Task to carry out
Each line in the material below, starting at the one that contains "iPhone 12 Pro Max Unlocked" and ending at the one that contains "Kuluin QLD 4558", should be repeated exactly; the pictures should not.

Records supplied
──────────────────────────────

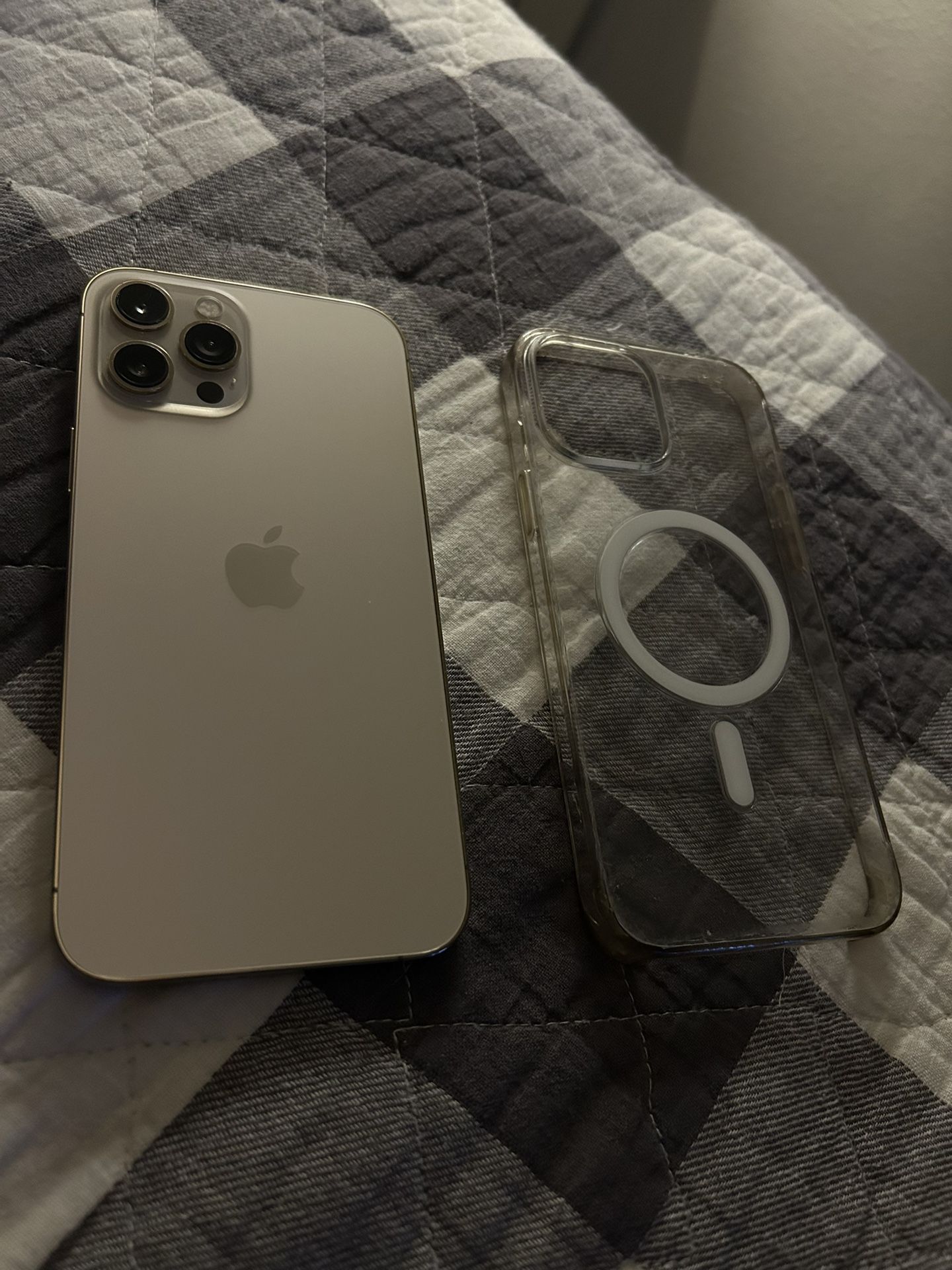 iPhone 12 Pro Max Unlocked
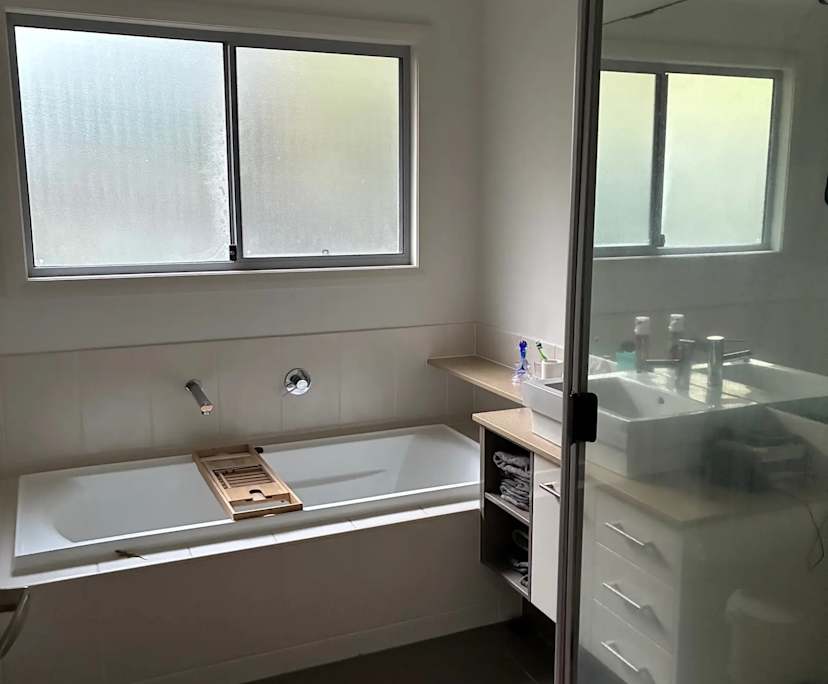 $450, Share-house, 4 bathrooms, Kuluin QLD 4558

──────────────────────────────

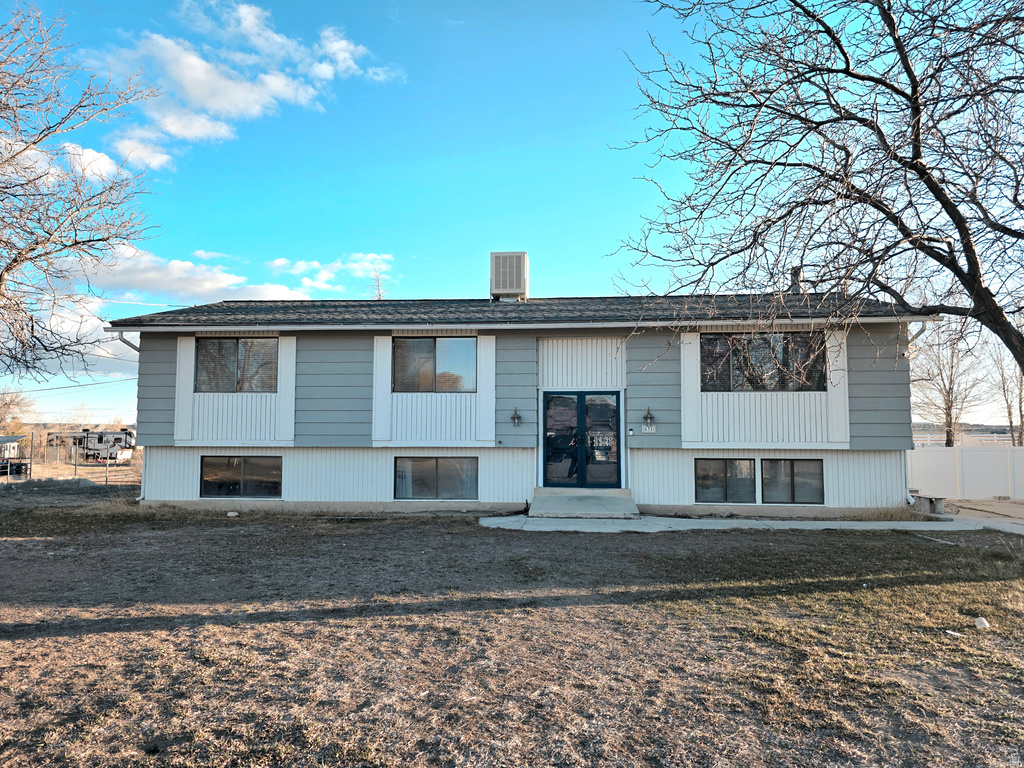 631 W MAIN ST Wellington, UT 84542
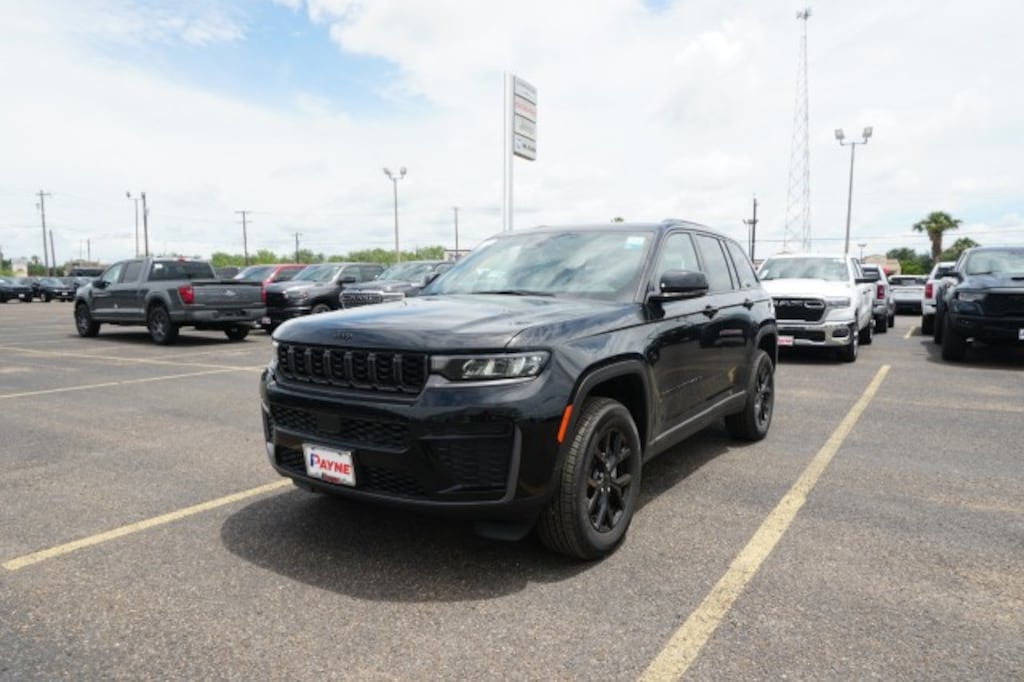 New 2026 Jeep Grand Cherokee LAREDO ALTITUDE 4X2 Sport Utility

──────────────────────────────

Answer below
 iPhone 12 Pro Max Unlocked
 $450, Share-house, 4 bathrooms, Kuluin QLD 4558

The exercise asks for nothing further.